Word for word, copy the line that contains "a living room" and each line after it in the data below. Pictures stay out of the copy.

→ **Input data**
<<<<
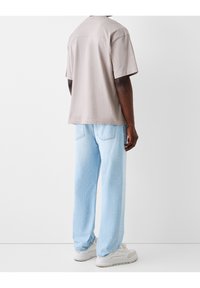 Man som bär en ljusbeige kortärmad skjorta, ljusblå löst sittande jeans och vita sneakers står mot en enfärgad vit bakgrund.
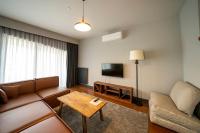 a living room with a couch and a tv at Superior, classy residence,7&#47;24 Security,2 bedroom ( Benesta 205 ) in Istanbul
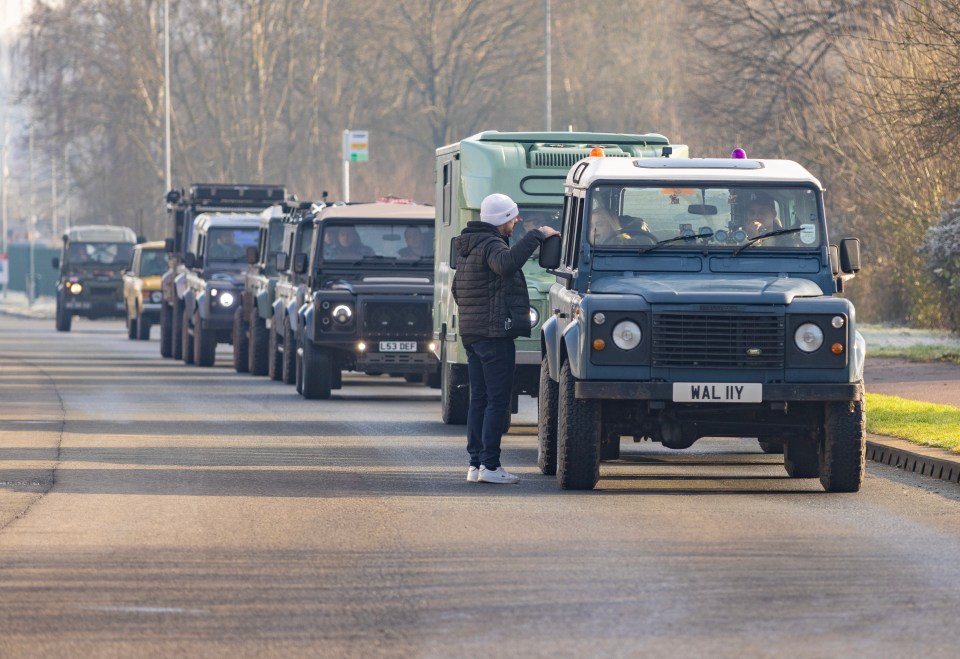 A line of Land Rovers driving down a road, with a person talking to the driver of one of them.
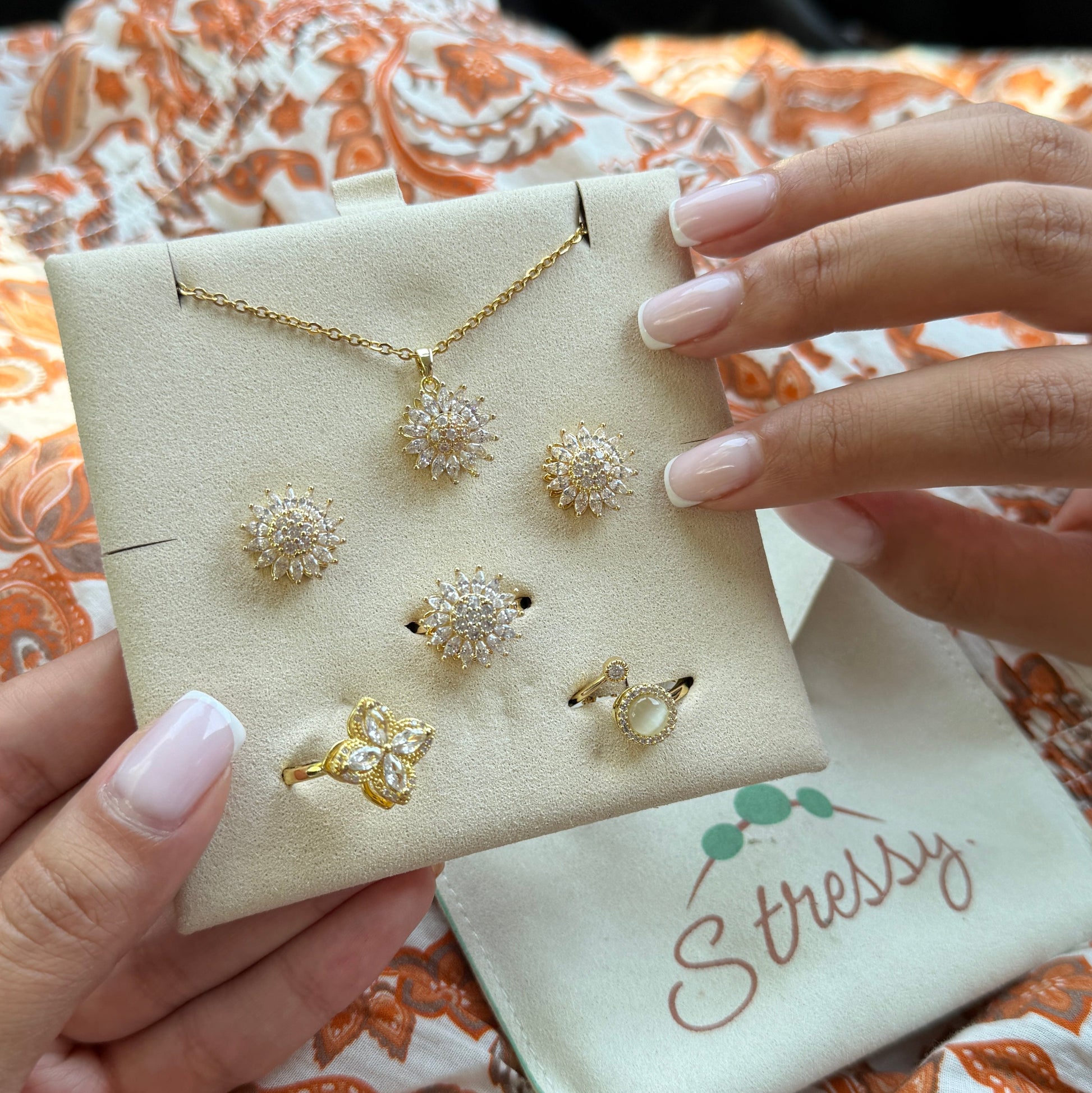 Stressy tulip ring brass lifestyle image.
>>>>
→ **Written response**
 a living room with a couch and a tv at Superior, classy residence,7&#47;24 Security,2 bedroom ( Benesta 205 ) in Istanbul
 A line of Land Rovers driving down a road, with a person talking to the driver of one of them.
 Stressy tulip ring brass lifestyle image.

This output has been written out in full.